Lutz Herrmann / 21.09.2022

Geplanter Genozid? Das wird die Putin-Fanboys hier nicht erfreuen. Ist doch ein humanitärer Einsatz, um Biowaffenlabore in Kindertagesstätten umzuwandeln oder die russische Minderheit vom Joch der Ukrainazis zu befreien.

Fred Burig / 21.09.2022

Herr Heinsohn, selbst wenn ihre Argumente und Zahlenangaben im Einzelnen Verständnis für ihre Ausführungen hervorrufen sollten, so sind sie mMn doch im Kontext zu den eigentlichen Ursachen des Konfliktes nur traurige Zeugnisse einer verwerflichen “Weltmachts- Politik” der US- Administration! MfG

Max Anders / 21.09.2022

Also auch hier (wie auch allzu oft bei TE) so ne Art propagandistische Generalmobilmachung bei den geschätzten alternativen Medien. Leider kommt auch hier das Atlantiker Gen bei Ihnen durch Herr Heinsohn. Schade. Eine einfache Beleuchtung aus kriegsdemoskopischer Sicht hätte mi gefallen. Die Garnierung mit abwertendem Vokabular und der irrigen Feststellung, daß niemand Rußland mit Krieg bedroht (Wirtschaftskrieg, asymmetrischer Krieg und Destabilierungsmaßnahmen der Nachkriegsordnung und Nachbarn gehören aber mit dazu), machen einen ansonsten ganz brauchbaren Artikel zur Wandzeitungsdekoration.

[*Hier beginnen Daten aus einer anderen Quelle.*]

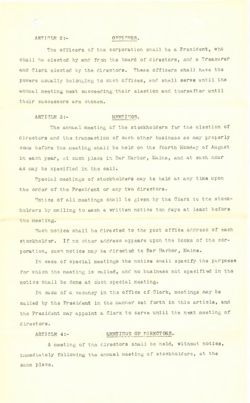 67520fa660b2e6.80536558.pdf page 36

Manfred Löffert / 21.09.2022

Was soll man von diesem Beitrag halten ? Wenn man darin den Hinweis auf die angeblich 50.000 getöteten russischen Soldaten anklickt, gelangt man auf eine Ukrainische Seite , die, , mit Verlaub gesagt, auch nur Propaganda verbreitet. Nein, dem Verfasser stimme ich nicht zu. Es müssen sofort diplomarische Aktivitäten auch seitens des Westens erfolgen, um einen Waffenstillstand und danach Friedensverhandlungen beginnen zu können. Diese Aufrechnerei und Mutmaßungen über Kampfesmut und Kanpfmoral fführt zu nichts und ist reine Spekulation.

René Günter / 21.09.2022

Vielen Dank für die klaren Worte, auch an die Adresse derjenigen, mit denen man bei anderen Reizthemen wie Migration, Gender, Klima und Corona, oft einer Meinung ist. Beim Thema Ukraine kann es für mich nur eine richtige Sichtweise geben: Putins Russland hat die Ukraine angegriffen und er sagt deutlich, dass es nur das erste Ziel seiner großrussischen Pläne war. Als hätte er das alles nur vom Zaun gebrochen, um den Donbass heim ins Reich zu holen?! Für wie dumm wollen wir uns selbst verkaufen? Und so sehr manche hier auf die Ukrainer herabblicken und sie mit Dreck bewerfen, nur um Putin zu besänftigen, wie stehen wir zu den Polen und Balten? Sind die auch verkommen, sind das auch die “Nazis” von denen Putin spricht und deren Beseitigung auf einmal für viele Rechtsaußen in Deutschland eine Herzensangelegenheit geworden ist?

Gerhard Hotz / 21.09.2022

Die Anzahl Krieger ist in einem modernen Krieg nicht mehr so entscheidend wie früher. Putins Teilmobilisierung bringt vermutlich wenig. Kriege sind heute eine Hightech-Angelegenheit. Es gewinnt die Seite, die die modernsten Waffen und Systeme einsetzen kann und die das Personal zur Verfügung hat, das diese neuen Systeme beherrscht und bedienen kann.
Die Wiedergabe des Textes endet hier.